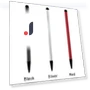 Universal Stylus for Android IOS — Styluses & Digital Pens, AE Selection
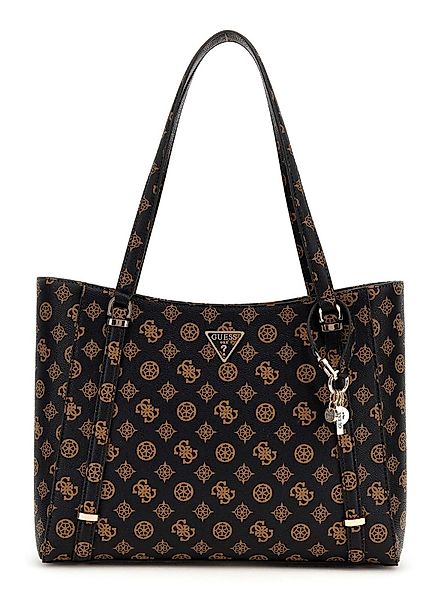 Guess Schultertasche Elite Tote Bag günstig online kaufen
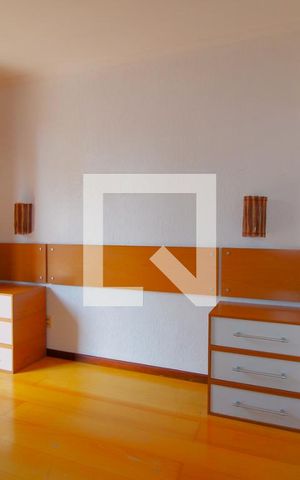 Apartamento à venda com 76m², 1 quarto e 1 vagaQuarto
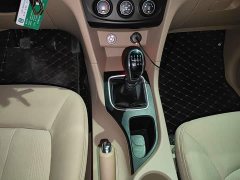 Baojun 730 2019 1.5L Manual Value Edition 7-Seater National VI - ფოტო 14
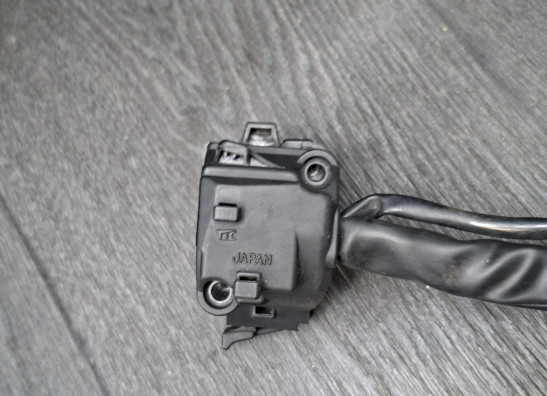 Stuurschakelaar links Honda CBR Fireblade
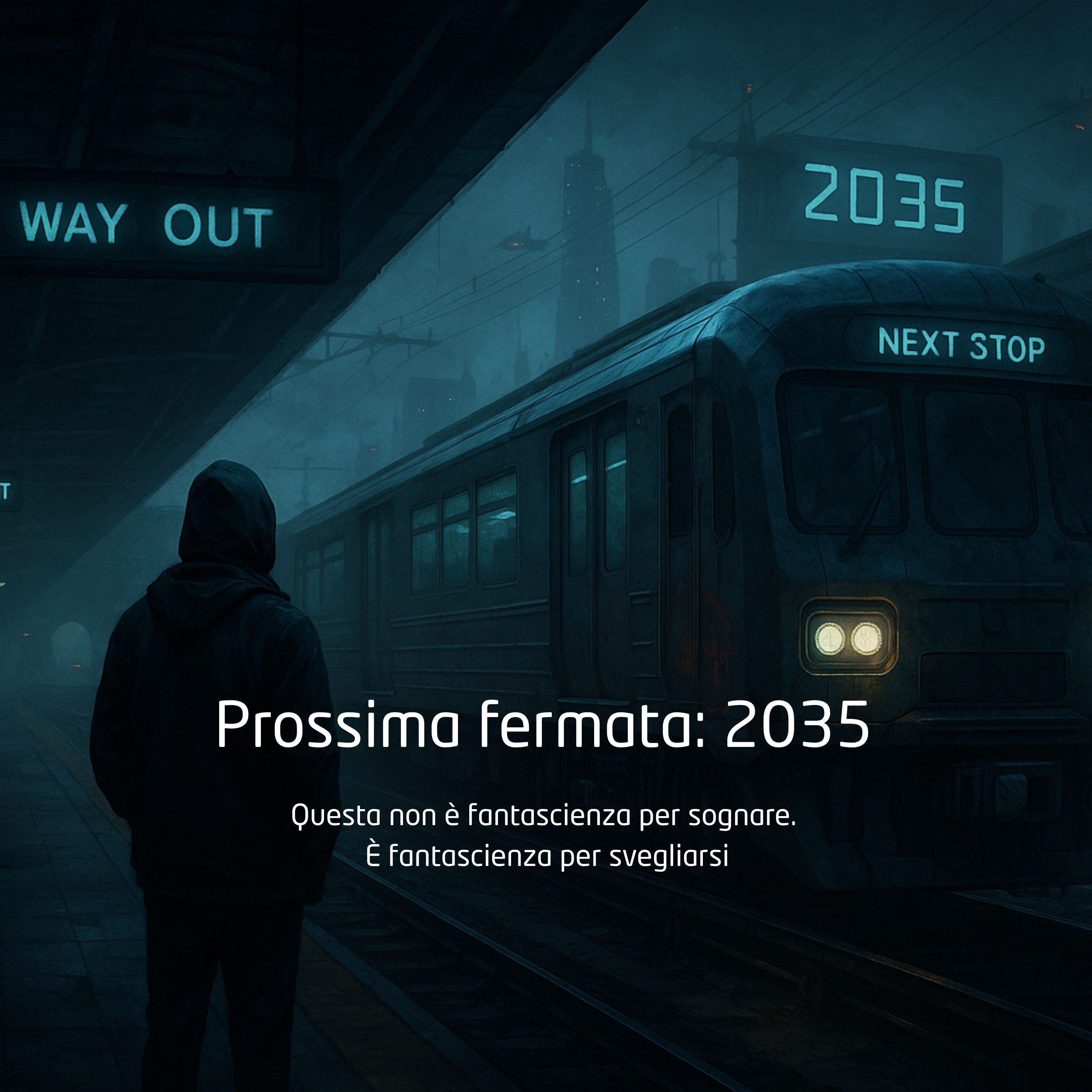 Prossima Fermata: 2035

--

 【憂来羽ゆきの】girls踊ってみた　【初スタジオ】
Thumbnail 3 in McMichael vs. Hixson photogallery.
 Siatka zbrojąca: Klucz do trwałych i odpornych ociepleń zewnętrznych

==

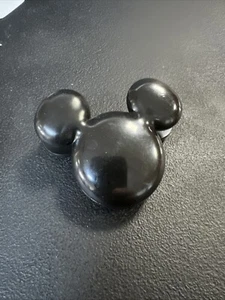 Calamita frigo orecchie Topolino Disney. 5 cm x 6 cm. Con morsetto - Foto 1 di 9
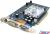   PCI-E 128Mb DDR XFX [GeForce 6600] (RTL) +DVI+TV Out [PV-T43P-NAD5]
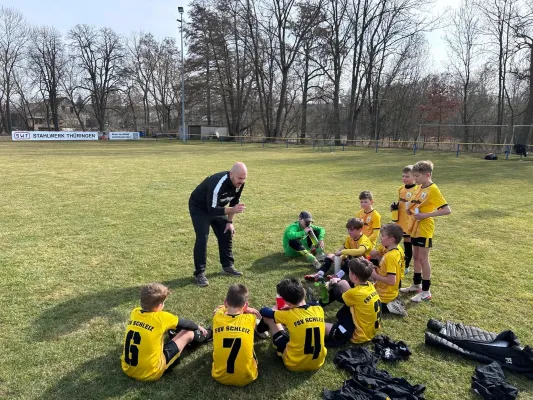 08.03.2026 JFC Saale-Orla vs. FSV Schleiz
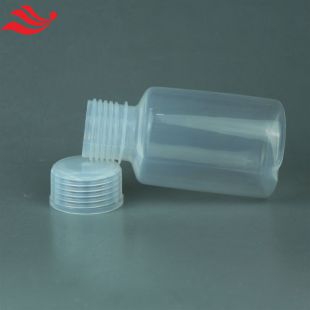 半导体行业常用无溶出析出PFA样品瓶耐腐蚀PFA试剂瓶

WHAT YOU HAVE TO DO
Return exactly the part of the listing above that opens with the line containing "08.03.2026 JFC Saale-Orla vs. FSV Schleiz" and closes with the line containing "半导体行业常用无溶出析出PFA样品瓶耐腐蚀PFA试剂瓶". Pictures stay out.

PROBLEM SOLUTION
 08.03.2026 JFC Saale-Orla vs. FSV Schleiz
 半导体行业常用无溶出析出PFA样品瓶耐腐蚀PFA试剂瓶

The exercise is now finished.